___ Information provided

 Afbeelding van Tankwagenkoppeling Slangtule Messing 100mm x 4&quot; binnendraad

______
___ Information provided

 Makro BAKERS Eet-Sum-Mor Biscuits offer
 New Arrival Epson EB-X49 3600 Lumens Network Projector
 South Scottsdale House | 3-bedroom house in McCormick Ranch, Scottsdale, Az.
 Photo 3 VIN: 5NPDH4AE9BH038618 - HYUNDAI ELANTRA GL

______
___ Information provided

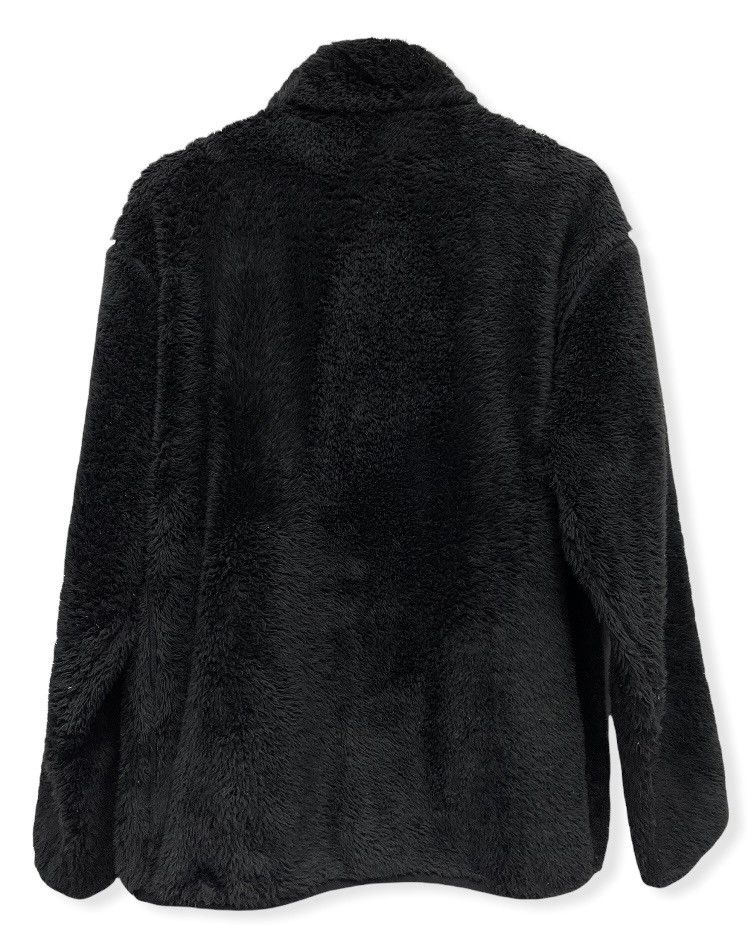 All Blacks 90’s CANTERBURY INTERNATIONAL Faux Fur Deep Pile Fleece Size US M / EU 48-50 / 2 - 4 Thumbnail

______

__What you need to do__. Beginning with the line containing "South Scottsdale House" in the material above, copy every line exactly until you have copied the line containing "Photo 3 VIN: 5NPDH4AE9BH038618".

__Answer for this exercise__.
 South Scottsdale House | 3-bedroom house in McCormick Ranch, Scottsdale, Az.
 Photo 3 VIN: 5NPDH4AE9BH038618 - HYUNDAI ELANTRA GL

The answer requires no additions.